24 814
Vliegramp Eindhoven

nr. 12
BRIEF VAN DE MINISTER VAN JUSTITIE

Aan de Voorzitter van de Tweede Kamer der Staten-Generaal

's-Gravenhage, 1 februari 2000

Naar aanleiding van de uitzending van het programma «Netwerk» van 27 januari jl bericht ik U als volgt:

In de uitzending wordt geciteerd uit het advies van een advocaat-generaal aan het Gerechtshof te Arnhem in het kader van de klacht van de nabestaanden tegen de beslissing van het OM om de zaak tegen één van de drie verdachten (de basiscommandant) niet te vervolgen. Naar aanleiding van deze klacht, in een zogeheten artikel 12 Strafvorderingprocedure, heeft het Hof die beslissing getoetst en in stand gelaten.

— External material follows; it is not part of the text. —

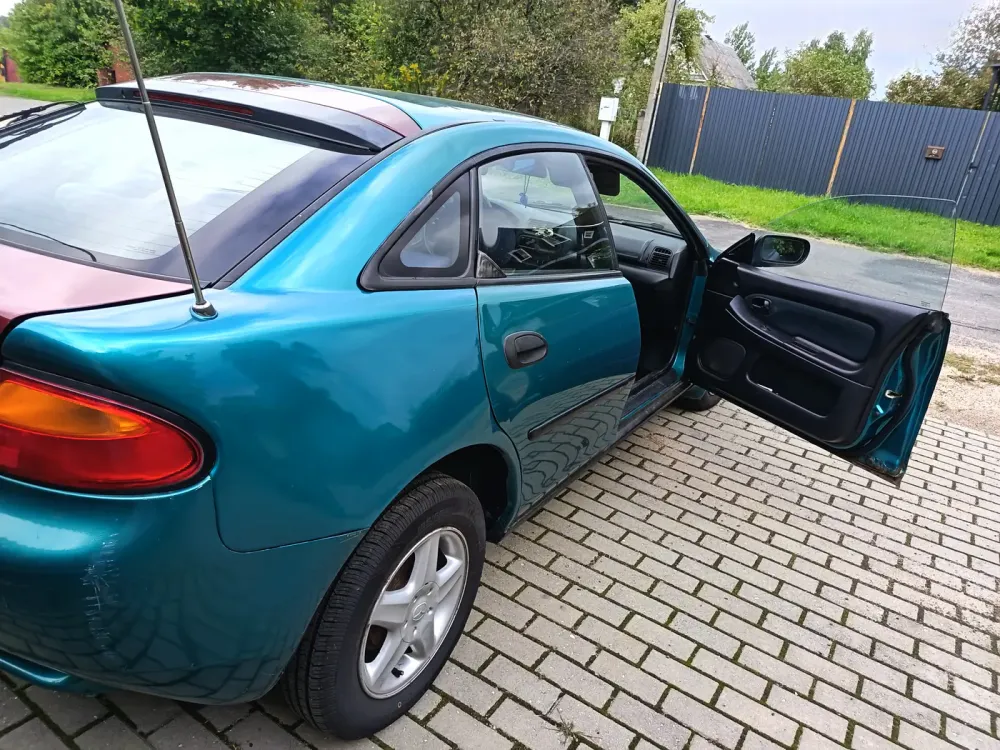 Продажа Mazda 323 V (BA), 1998г., Минск Минск - изображение 1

Waar in de brief wordt gesproken van een «vertrouwelijke brief» van de eerder aangeduide advocaat-generaal, wordt gedoeld op dit advies dat door hem tijdens die procedure (die een besloten karakter draagt) in die zaak naar voren is gebracht.

Ik heb u bij brief van 19 oktober 1999 (24 814, nr. 11) op de hoogte gebracht van de stand van zaken met betrekking tot het onderzoek naar de Herculesramp.

Het Openbaar Ministerie is van oordeel dat de uitkomsten van het gerechtelijk vooronderzoek tot nu toe rechtvaardigen dat de zaken van de twee overgebleven verdachten ter beoordeling aan de rechter worden voorgelegd. Daarbij staan de bevindingen van het gerechtelijk vooronderzoek, in het licht van de ernst en het belang van de zaak, voorop en geenszins de wens van het Openbaar Ministerie verwijten te voorkomen. Naar aanleiding van de uitkomst van de artikel 12-procedure heeft het Openbaar Ministerie zijn standpunt over de vervolging heroverwogen en dat standpunt gehandhaafd.

Terzijde zij in dit verband opgemerkt dat bezwaarschriften van de beide verdachten tegen verdere vervolging in april vorig jaar door de rechtbank te Arnhem zijn afgewezen.

De vraag of levens hadden kunnen worden gered als de brandweer eerder had ingegrepen is complex en niet onomstreden. Naar het oordeel van het OM dient deze zaak door de rechter te worden onderzocht.

Ik vertrouw er op u hiermee voldoende te hebben geïnformeerd.